◆ **WHAT YOU NEED TO DO**
Once you find the line containing "Arctic Velvet Platform Bed", output it and every line after it to the end of the records, exactly.

### INFORMATION GIVEN ###

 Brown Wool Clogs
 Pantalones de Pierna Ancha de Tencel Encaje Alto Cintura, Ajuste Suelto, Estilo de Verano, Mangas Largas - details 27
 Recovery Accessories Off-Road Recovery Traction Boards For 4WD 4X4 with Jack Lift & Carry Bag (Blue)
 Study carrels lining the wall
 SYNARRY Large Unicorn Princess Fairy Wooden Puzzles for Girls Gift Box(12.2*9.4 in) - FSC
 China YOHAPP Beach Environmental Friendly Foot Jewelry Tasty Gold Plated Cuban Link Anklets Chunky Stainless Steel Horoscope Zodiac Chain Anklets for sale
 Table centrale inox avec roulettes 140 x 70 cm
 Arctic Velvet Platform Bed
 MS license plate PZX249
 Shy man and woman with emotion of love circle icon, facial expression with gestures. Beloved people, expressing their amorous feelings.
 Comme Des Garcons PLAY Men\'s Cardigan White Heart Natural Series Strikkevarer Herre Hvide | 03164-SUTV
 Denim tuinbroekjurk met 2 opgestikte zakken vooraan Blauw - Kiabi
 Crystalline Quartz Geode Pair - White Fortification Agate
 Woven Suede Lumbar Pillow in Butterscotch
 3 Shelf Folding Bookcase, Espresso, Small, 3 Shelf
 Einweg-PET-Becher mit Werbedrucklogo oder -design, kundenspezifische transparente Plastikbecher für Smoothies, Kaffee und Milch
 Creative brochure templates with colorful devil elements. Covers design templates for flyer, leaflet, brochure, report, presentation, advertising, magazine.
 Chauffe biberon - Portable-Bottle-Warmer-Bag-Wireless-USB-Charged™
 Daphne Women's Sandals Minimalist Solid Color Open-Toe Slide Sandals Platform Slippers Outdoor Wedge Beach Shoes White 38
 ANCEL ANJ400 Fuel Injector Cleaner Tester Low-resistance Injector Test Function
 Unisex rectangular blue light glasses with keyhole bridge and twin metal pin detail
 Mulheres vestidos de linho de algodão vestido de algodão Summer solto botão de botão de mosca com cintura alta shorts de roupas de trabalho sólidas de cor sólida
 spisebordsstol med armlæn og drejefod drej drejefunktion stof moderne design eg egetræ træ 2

###

◆ **REPLY**
 Arctic Velvet Platform Bed
 MS license plate PZX249
 Shy man and woman with emotion of love circle icon, facial expression with gestures. Beloved people, expressing their amorous feelings.
 Comme Des Garcons PLAY Men\'s Cardigan White Heart Natural Series Strikkevarer Herre Hvide | 03164-SUTV
 Denim tuinbroekjurk met 2 opgestikte zakken vooraan Blauw - Kiabi
 Crystalline Quartz Geode Pair - White Fortification Agate
 Woven Suede Lumbar Pillow in Butterscotch
 3 Shelf Folding Bookcase, Espresso, Small, 3 Shelf
 Einweg-PET-Becher mit Werbedrucklogo oder -design, kundenspezifische transparente Plastikbecher für Smoothies, Kaffee und Milch
 Creative brochure templates with colorful devil elements. Covers design templates for flyer, leaflet, brochure, report, presentation, advertising, magazine.
 Chauffe biberon - Portable-Bottle-Warmer-Bag-Wireless-USB-Charged™
 Daphne Women's Sandals Minimalist Solid Color Open-Toe Slide Sandals Platform Slippers Outdoor Wedge Beach Shoes White 38
 ANCEL ANJ400 Fuel Injector Cleaner Tester Low-resistance Injector Test Function
 Unisex rectangular blue light glasses with keyhole bridge and twin metal pin detail
 Mulheres vestidos de linho de algodão vestido de algodão Summer solto botão de botão de mosca com cintura alta shorts de roupas de trabalho sólidas de cor sólida
 spisebordsstol med armlæn og drejefod drej drejefunktion stof moderne design eg egetræ træ 2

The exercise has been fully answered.